Alwaleed bin Talal, one of the world’s wealthiest men, allegedly had to hand over some $6 bn of his $18 bn fortune (this is from other sources not the NYT), and the grasping Crown Prince’s attempt to seize the assets of Kingdom Holding Co. outside Saudi Arabia were thwarted because those businesses required Alwaleed to come to the premises in person to sign them away and because a counter-signature was needed from foreign partners. Apparently, however, Alwaleed and his family are still being monitored in Saudi Arabia and have their movements restricted. Alwaleed, a notorious health nut, said in a Reuters interview on the eve of his release that he had been wandering around the Ritz Carlton eating fast food, which friends took as a signal that he was being coerced in his affirmation that he had not been abused.

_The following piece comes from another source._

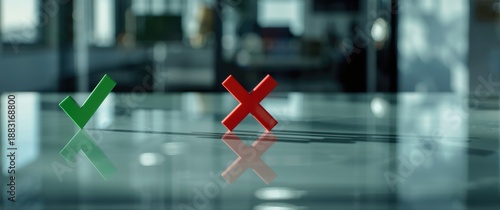 Project feasibility and regulatory compliance illustrated with do and don't symbols, approval, disapproval, and icons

He had clearly lost a great deal of weight and looked as though he had been under severe pressure if not open abuse.
Crown Prince Muhammad Bin Salman is on a victory tour to Britain and the US, where he is hoping to drum up foreign investment in his country. The Tory government of Theresa May has just agreed to sell him large quantities of fighter jets, a move that is controversial because he is using them to bomb Yemen back to the stone age.
In Latin, Caveat Emptor means, “Buyer beware.”